>>>>

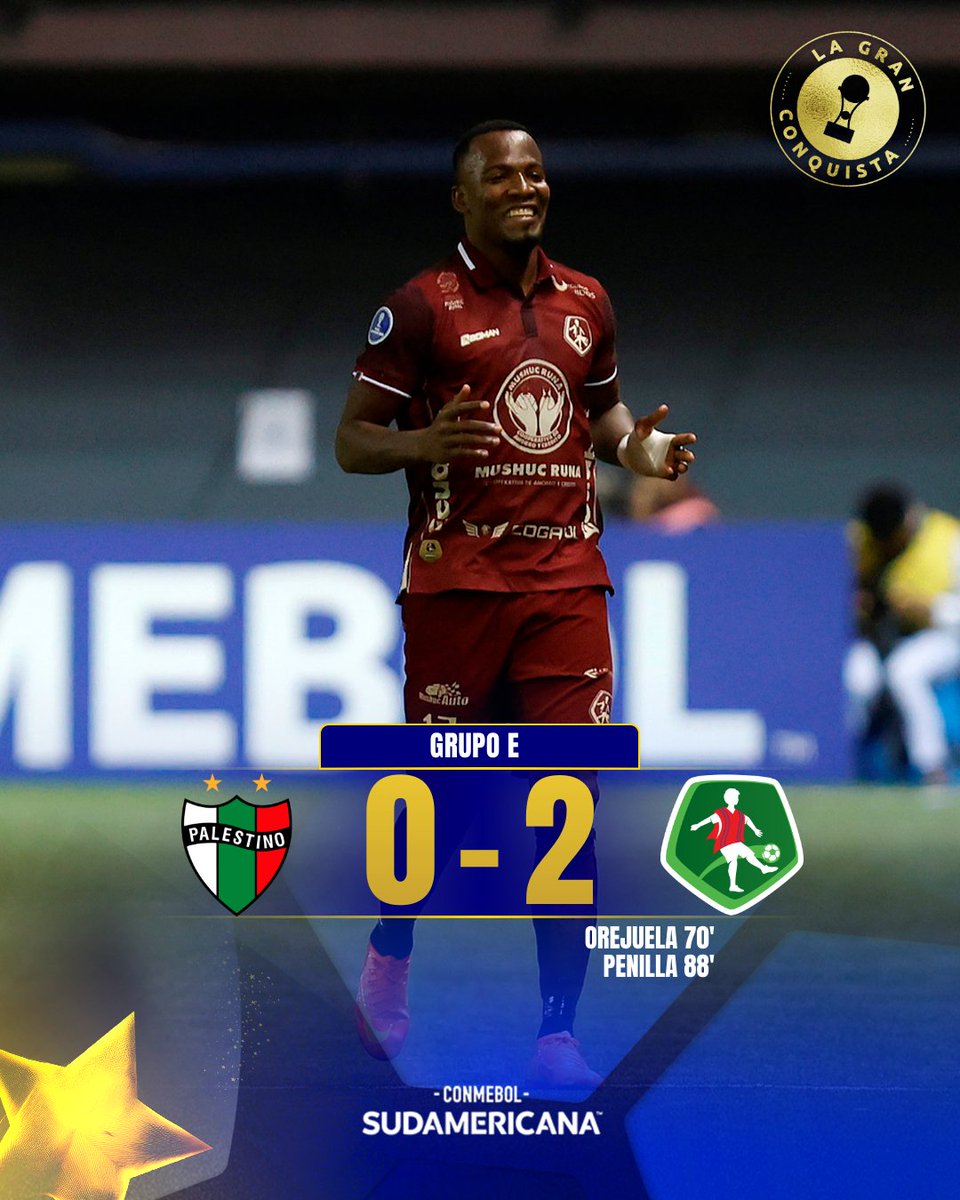 💪🇪🇨 ¡Para <a href="/ClubMushucRuna1/">Mushuc Runa Sporting Club</a>, nada es imposible! 

✅ Brasil ✅ Argentina ✅ Chile

🔥 El mejor equipo de la Fase de Grupos de la CONMEBOL #Sudamericana tuvo puntaje perfecto como visitante.

#LaGranConquista #Impensable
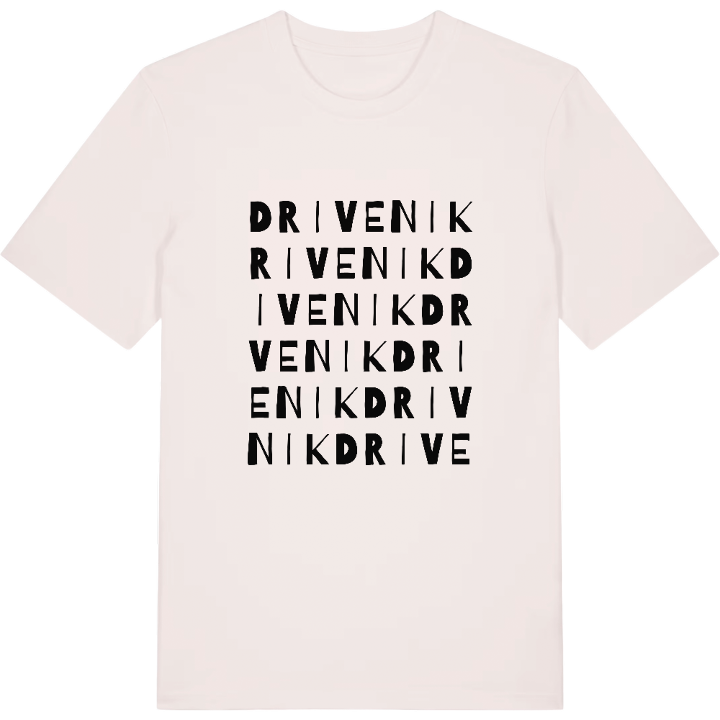 Drivenik ordlek t-shirt – t-shirt från PinShirt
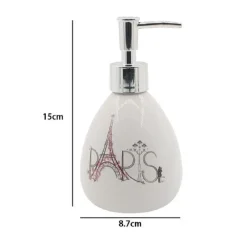 DISPENSER PORTA SAPONE LIQUIDO SCRITTA PARIS PORTASAPONE ACCESSORIO BAGNO 87035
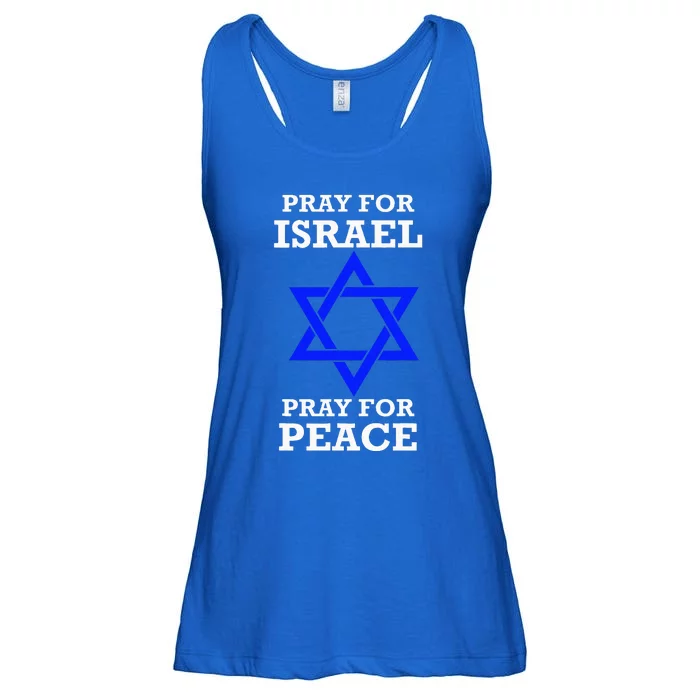 Pray For Israel Peace Ladies Essential Flowy Tank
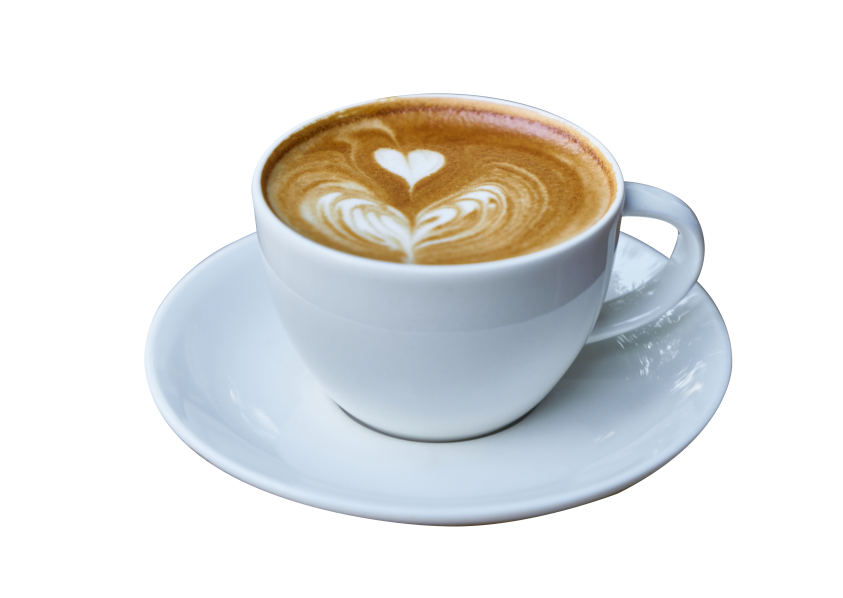 Coffee Heart PNG Image in Transparent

<<<<

## [What you have to do]
Give back, word for word, the lines from the line that contains "Pray For Israel" through the last line of the records, with no pictures and nothing else.

## [Exercise answer]
 Pray For Israel Peace Ladies Essential Flowy Tank
 Coffee Heart PNG Image in Transparent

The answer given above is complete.